Search Engine Improvements in Preview Release

After months of experiments, we are finally getting ready to unravel our new search engine along with a preview release of our life sciences research portal. Here is a brief summary of improvements that we made in our core platform.

  • The new algorithm looks for search terms exhaustively across the entire corpus (currently NIH open access articles and abstracts totaling over 10 Million) as the initial search space
  • It quickly narrows down the search space based upon strength of word occurrences, their part of speech, their significance (as a dictionary term) and their relationship to other search terms
  • We have incorporated dictionaries to improve search relevance and make the interface generic such that we can continually add new dictionaries and results will get better automatically. Dictionaries can be applied freely – be it a list of know proteins, reagents or information categories. The search engine will identify matching words and improves their proximity search to discover more meaningful and contextually relevant items.

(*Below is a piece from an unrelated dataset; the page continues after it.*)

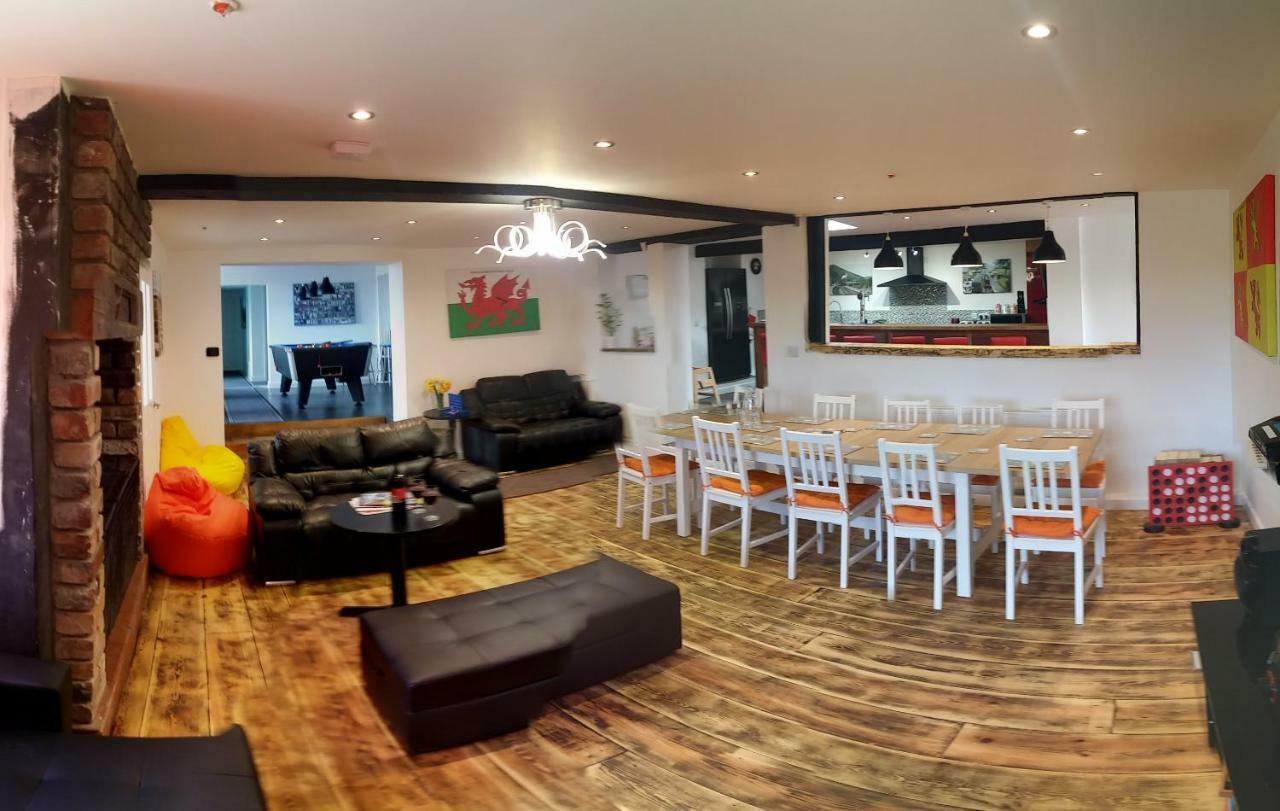 Welsh Row House Apartment Llandegla ภายนอก รูปภาพ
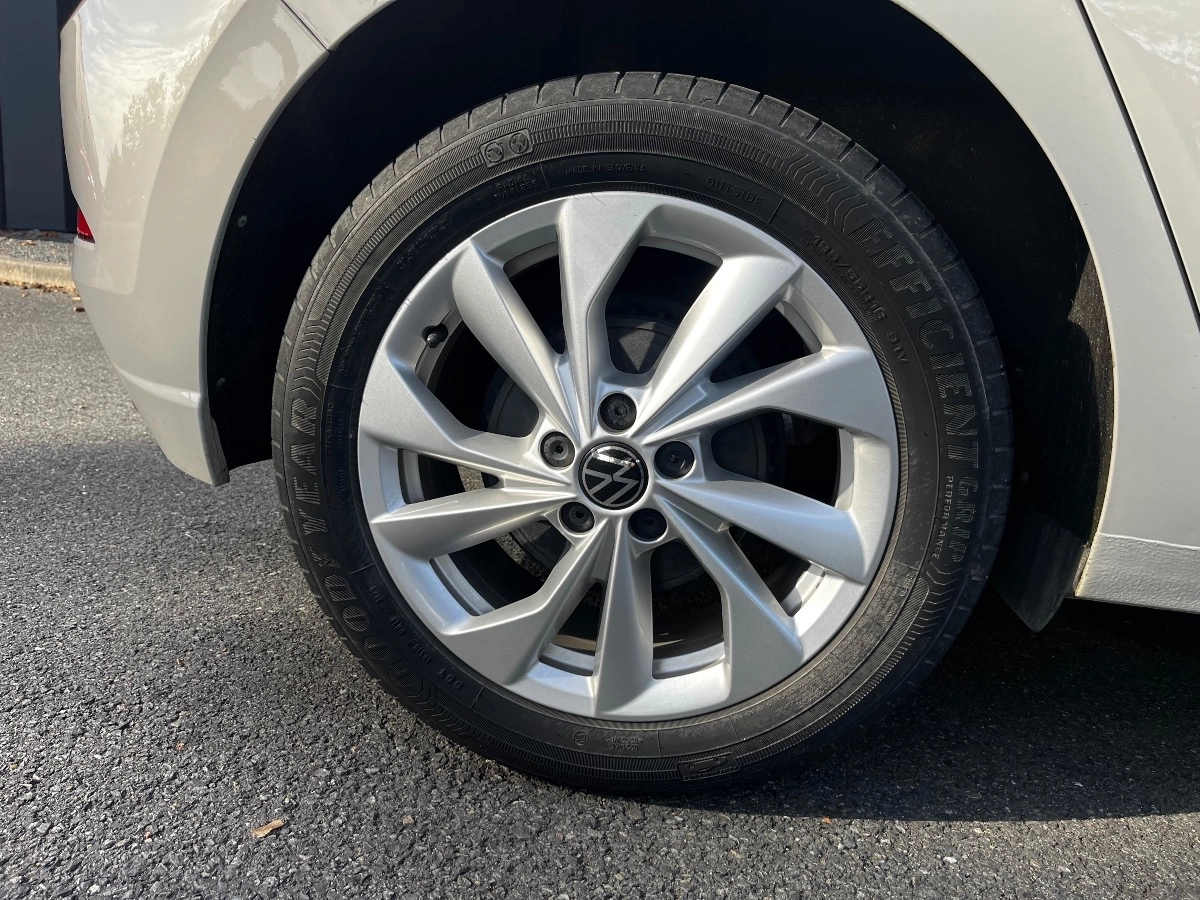 Volkswagen Polo - photo 24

  • The new algorithm discovers new concepts above and beyond Bioentities or reagents, based upon their relevance to your search terms and their frequent occurrences in the search space. These concepts allow you to further filter search results in conjunction with Bioentities and reagents – thereby letting you precisely identify your candidate results.
  • We have made the search execution platform robust and incorporated search progress monitoring interface as part of all requests. User is given progress feedback across various stages of query execution.